Lawyer in a Lincoln takes plenty of hairpin turns

Michael Peña (left), Matthew McConaughey in "The Linc- oln Lawyer," with Bryan Cranston, Marisa Tomei.
Michael Peña (left), Matthew McConaughey in "The Linc- oln Lawyer," with Bryan Cranston, Marisa Tomei.
Posted: March 18, 2011

Every time I write off Matthew McConaughey as a set of abs best suited to play a shirtless cad (see: Ghosts of Girlfriends Past, How to Lose a Guy in 10 Days), he reminds me of how resourceful an actor he is. When the drawling Texan leaves that pigeonhole, he soars.

As the bottom-feeder attorney in The Lincoln Lawyer, a twisty, cleverly plotted thriller based on the crime novel by Michael Connelly, McConaughey acts with his head and body. His legal eagle is a predator, all right, but one who retracts the talons in favor of mind games.

Brad Furman's movie is shamelessly entertaining and the best thing in it is McConaughey's Mickey Haller, known as "the Lincoln lawyer" because his office is his Town Car. Why pay for overhead when you have an ex-wife (Marisa Tomei as a world-weary assistant district attorney) and kid to help support?

Mick's a streetwise operator who knows how to make money off the front end and back end of every deal. He knows how to work the system without gaming it and how to make a bribe look like a legitimate Christmas gift. For him, the end product of the justice system is not a fair verdict, but getting a judgment and pocketing the payment for services.

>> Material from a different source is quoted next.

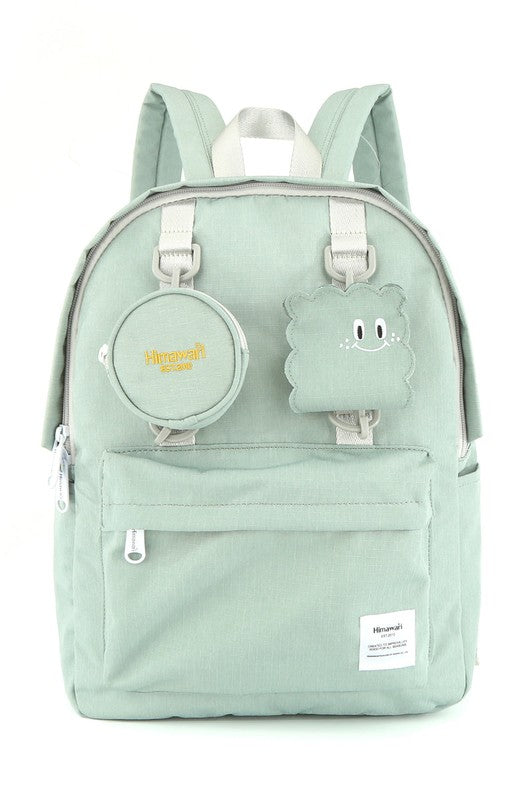 CANDYTUFT 14'' WATERPROOF BACKPACK  0422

He strikes gold when his chum the bail bondsman (John Leguizamo) hooks him up with a franchise client, Louis Roulet (Ryan Phillippe), a Beverly Hills real estate prince and playboy charged with assault and battery of a female escort. Almost unprecedented in Mickey's experience, Roulet (rhymes with roué) may even be innocent.

The part of the smoothy at the pickup game suits McConaughey down to the ground. Typically, Mickey is several steps ahead of the D.A. In defending Roulet, though, what initially looks to be a slam-dunk is a desperation heave.

In this nicely cast film featuring Bryan Cranston as a comically exasperated police detective, William H. Macy is a standout as a private investigator, a shaggy motormouth with access to all sorts of privileged information.

Furman's movie has the throwback vibe of Paul Newman crime procedurals like The Drowning Pool and the swagger of the first installment in a continuing movie or television franchise. I, for one, look forward to the next chapter in the misadventures of Mickey.